Pelo exposto, indeferindo o requerido pelos arguidos, decido, ao abrigo do disposto no artigo 55°, al. d) do Código Penal, prorrogar o período da suspensão da execução da pena aplicada aos arguidos por mais um ano, passando a mesma a vigorar, assim, pelo período de 4 (quatro) anos contados desde o trânsito em julgado da sentença proferida nestes autos. Notifique”.

* Os arguidos interpuseram recurso da sobredita decisão e apresentaram as seguintes conclusões: 1ª - A concreta situação de cada um dos arguidos foi levada a conhecimento do Tribunal, para justificar o pedido de modificação do dever que lhes foi imposto como condição da suspensão da execução da pena de prisão em que foram condenados, mas que pela sua desrazoabilidade era mais do que previsível que os arguidos não poderiam, nem conseguiriam, nunca cumprir.

  1. - O Tribunal a quo entende que, por estar vinculado ao cumprimento das disposições do n° 7 do artigo 11° do Deereto-Lei ° 20-A/90 - RJIFNA -, "não pode (...), neste momento, eximir os arguidos do cumprimento desse dever, legalmente consagrado e imposto, no caso concreto, por sentença transitada em julgado", optando, por essa razão, pela prorrogação do período de suspensão por mais um ano.

  2. - Com base nesse entendimento, o Tribunal a quo agravou a situação jurídico-penal dos arguidos, prorrogando o período de suspensão da pena e mantendo inalterada a condição da suspensão da execução da pena, o que é manifestamente ilegal.

  3. - Quando não ignora que com essa prorrogação não elimina, antes agrava, a desrazoabilidade da condição de suspensão da execução da pena e que ela acaba por corresponder a uma condenação da pena de prisão por dívidas ou a uma expectativa de novo pedido de modificação da condição imposta, por manifesta impossibilidade de cumprimento.

  4. - Com a Lei 15/2001, de 5 de Junho torna-se possível outras alternativas legais de condicionar a suspensão da execução da pena que revelam a novação da vontade punitiva do legislador, que agora entende ser aceitável o pagamento de uma multa para que se torne admissível legalmente a suspensão da pena.

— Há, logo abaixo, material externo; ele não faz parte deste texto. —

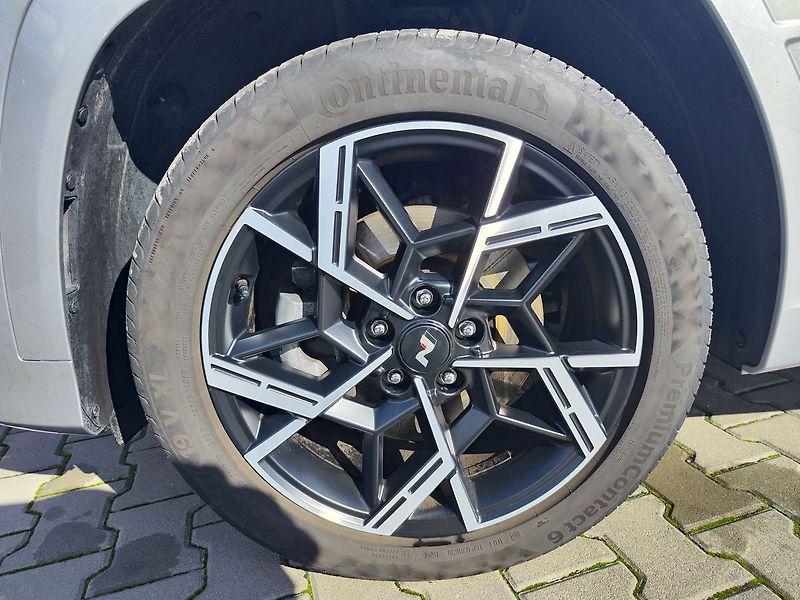 Hyundai Tucson 1.6 T-GDI/118kW N-Line DCT - fotka 33 z 34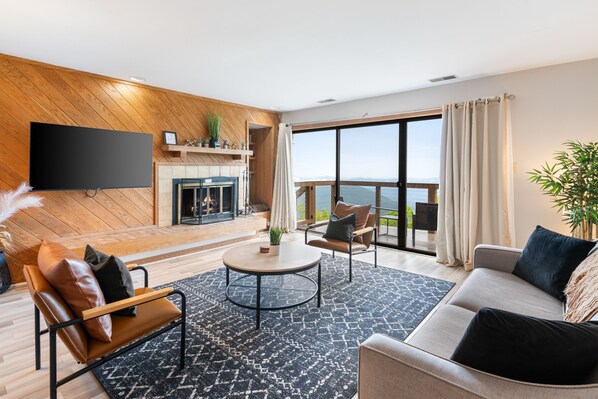 TV connectée, cheminée, livres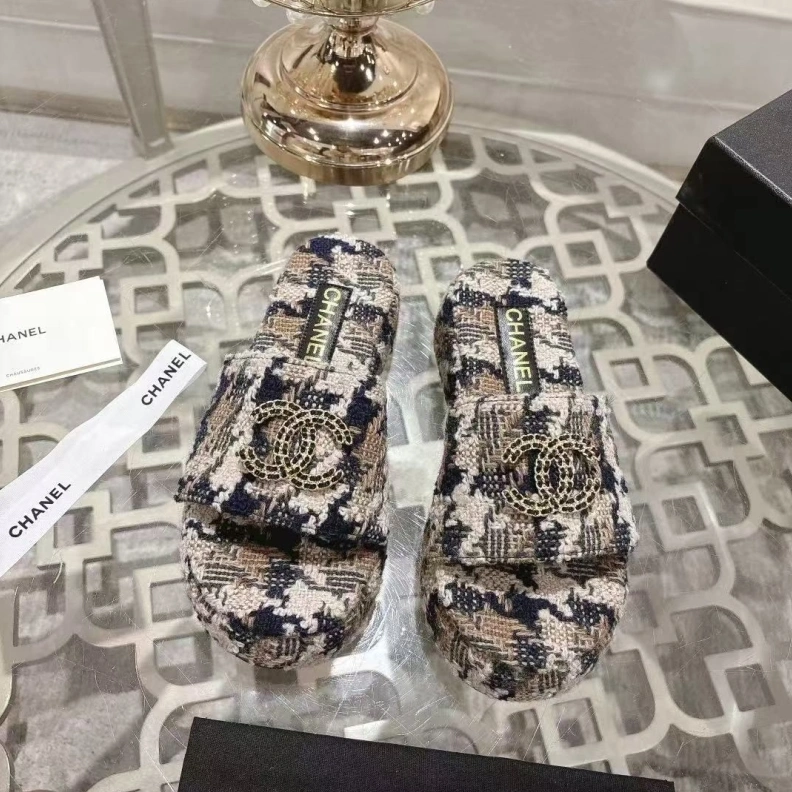 ModernLook Chxnxl Slippers 118190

  5. - Esta tem sido a jurisprudência unânime desde que entrou em vigor Lei 15/2001, de 5 de Junho - RGIT. Por essa razão, a jurisprudência tem aplicado as normas desse diploma por entender que são mais fevoráveis ao arguido e não tem condicionado a suspensão da execução da pena ao pagamento da dívida fiscal, mas sim de uma multa fixada de acordo com os critérios estabelecidos na lei penal, nomeadamente o da concreta situação económica e da vida dos arguidos.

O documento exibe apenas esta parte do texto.